━━ Data listing ━━

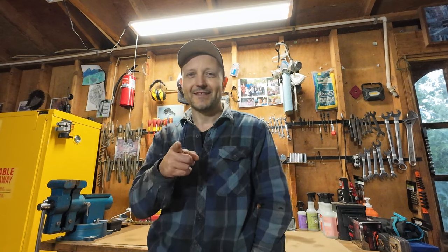Ever since moving to this homestead about six years ago, I've been buying a lot of things from Harbor Freight. So in this video, I'm putting together my favorite and least favorite items to buy from Harbor Freight. Let's go.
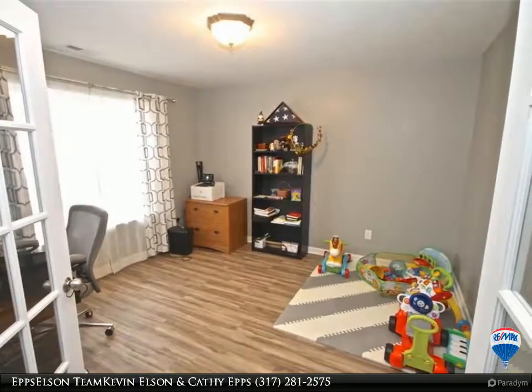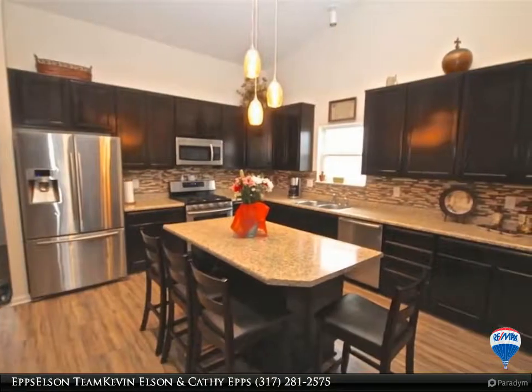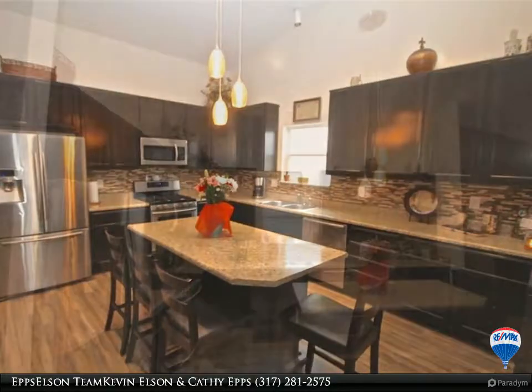A very nice deck with Trex decking to enjoy your morning coffee and entertain in your fenced-in backyard. The two-car garage is oversized with extra storage. Come see this home.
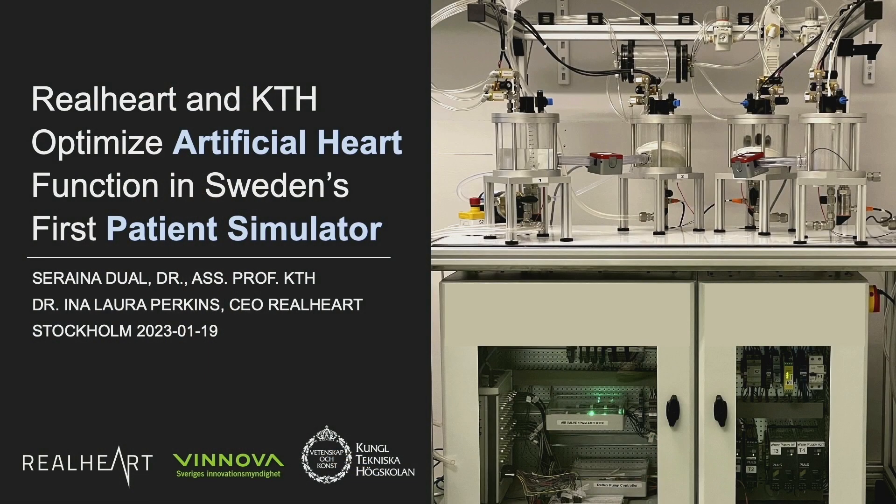Thank you for the invitation. I'm very happy to be here today. My background is in mechanical engineering. I'm actually originally from Switzerland. In the last 10 years I've worked on artificial hearts and cardiac simulators, such that last December I was called here to KTH as an assistant professor. Within the first week I met with Ina Lara, because it was quite obvious that we would start working together. In spring we submitted the project to Vinova, which funds innovative research in Sweden, and we got funded. So this summer we started working together.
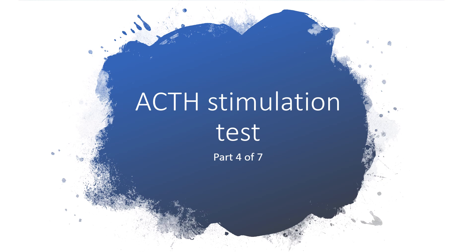Hi everyone, thanks for listening to my presentations. Today I'll be talking about the ACTH stimulation test, and that will form part 4 of 7 when it comes to adrenal insufficiency.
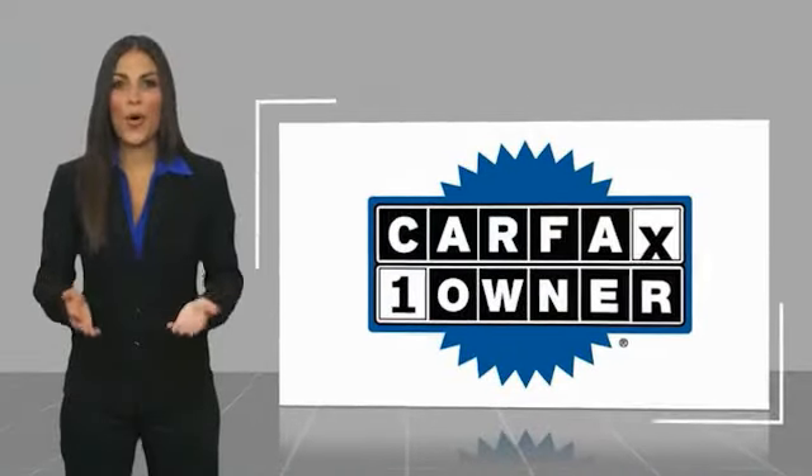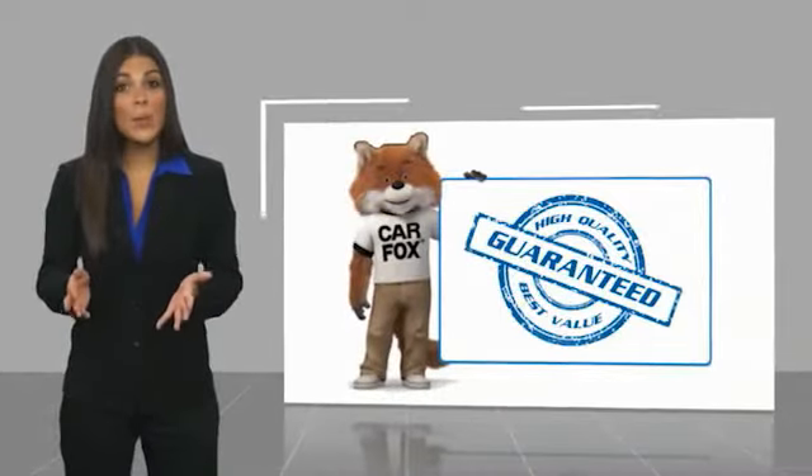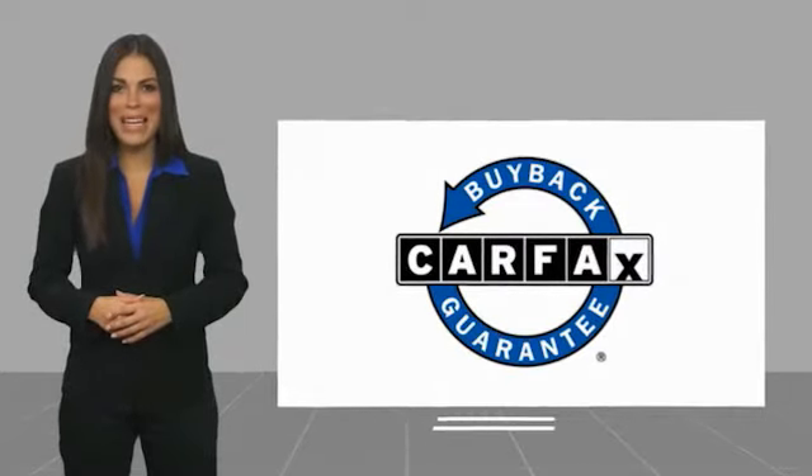This is a one-owner vehicle, with a Carfax Vehicle History Report. Be sure to find a complimentary copy of this report online, or contact the dealership. This vehicle qualifies for the Carfax Buy-Back Guarantee.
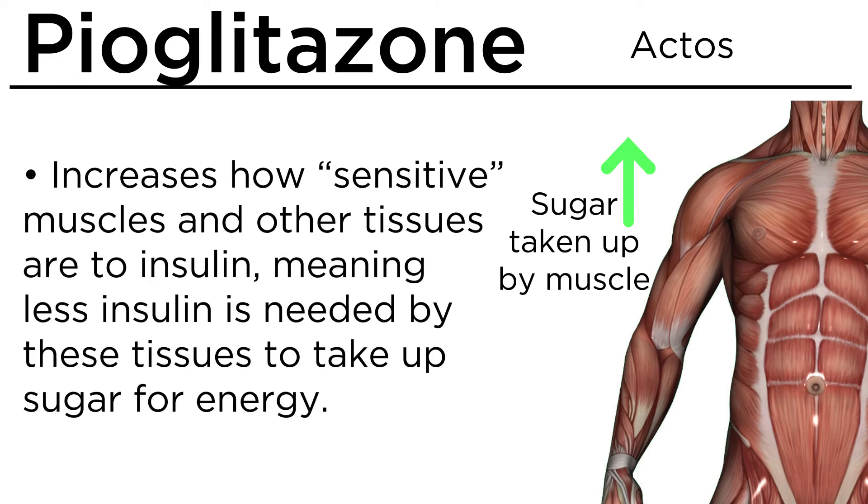This medication increases how sensitive muscles and other tissues are to insulin, meaning less insulin is needed by these tissues to take up sugar for energy.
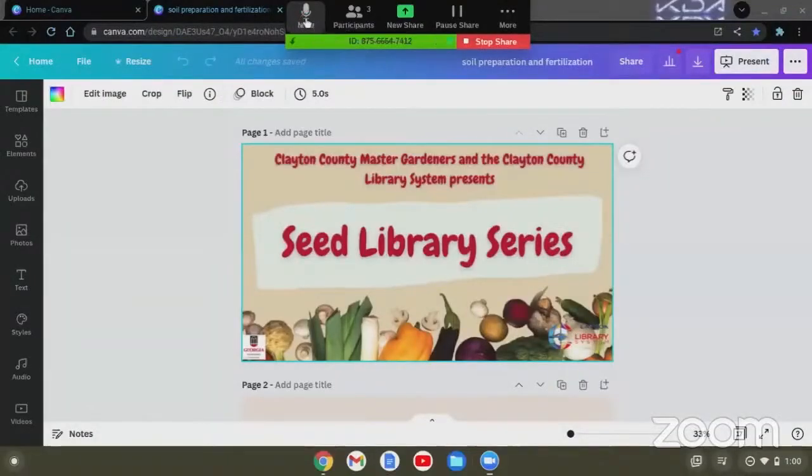Good afternoon, everyone. This is Dominique from the Clayton County Library System, and we are in our second part for the seed library series, which is going to be launched. We're launching our seed library this month, next week. So today we have Ansel, and she is going to be talking about soil health. We do ask that everyone hold off on asking questions until the end of the presentation. Let's go ahead and get started.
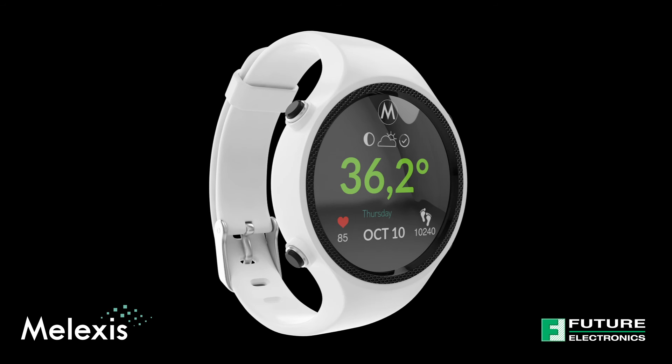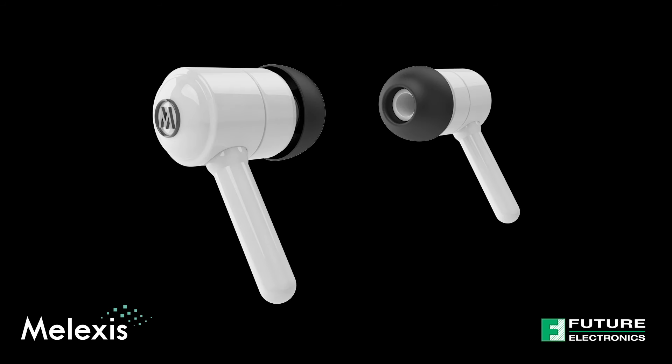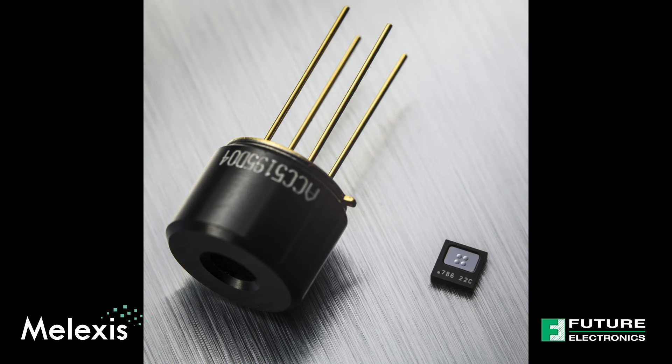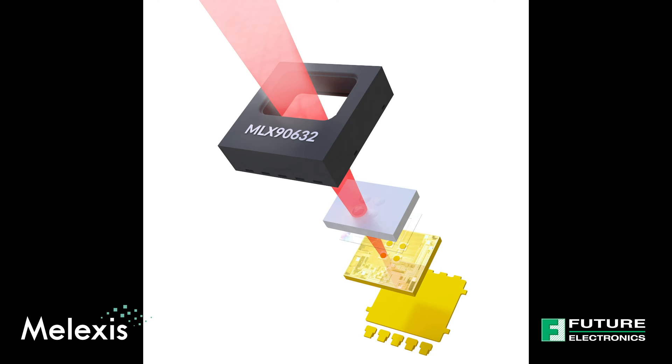How can temperature sensor cost, accuracy, and size make or break the viability of an application? Find out more with me, Todd Baker, as I walk you through the industry trends in temperature sensors and discuss the next generation of thermal monitoring.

━━━

Requirement → Word for word, reproduce all the data, but not the pictures.

Task solution →
Ever since moving to this homestead about six years ago, I've been buying a lot of things from Harbor Freight. So in this video, I'm putting together my favorite and least favorite items to buy from Harbor Freight. Let's go.
A very nice deck with Trex decking to enjoy your morning coffee and entertain in your fenced-in backyard. The two-car garage is oversized with extra storage. Come see this home.
Thank you for the invitation. I'm very happy to be here today. My background is in mechanical engineering. I'm actually originally from Switzerland. In the last 10 years I've worked on artificial hearts and cardiac simulators, such that last December I was called here to KTH as an assistant professor. Within the first week I met with Ina Lara, because it was quite obvious that we would start working together. In spring we submitted the project to Vinova, which funds innovative research in Sweden, and we got funded. So this summer we started working together.
Hi everyone, thanks for listening to my presentations. Today I'll be talking about the ACTH stimulation test, and that will form part 4 of 7 when it comes to adrenal insufficiency.
This is a one-owner vehicle, with a Carfax Vehicle History Report. Be sure to find a complimentary copy of this report online, or contact the dealership. This vehicle qualifies for the Carfax Buy-Back Guarantee.
This medication increases how sensitive muscles and other tissues are to insulin, meaning less insulin is needed by these tissues to take up sugar for energy.
Good afternoon, everyone. This is Dominique from the Clayton County Library System, and we are in our second part for the seed library series, which is going to be launched. We're launching our seed library this month, next week. So today we have Ansel, and she is going to be talking about soil health. We do ask that everyone hold off on asking questions until the end of the presentation. Let's go ahead and get started.
How can temperature sensor cost, accuracy, and size make or break the viability of an application? Find out more with me, Todd Baker, as I walk you through the industry trends in temperature sensors and discuss the next generation of thermal monitoring.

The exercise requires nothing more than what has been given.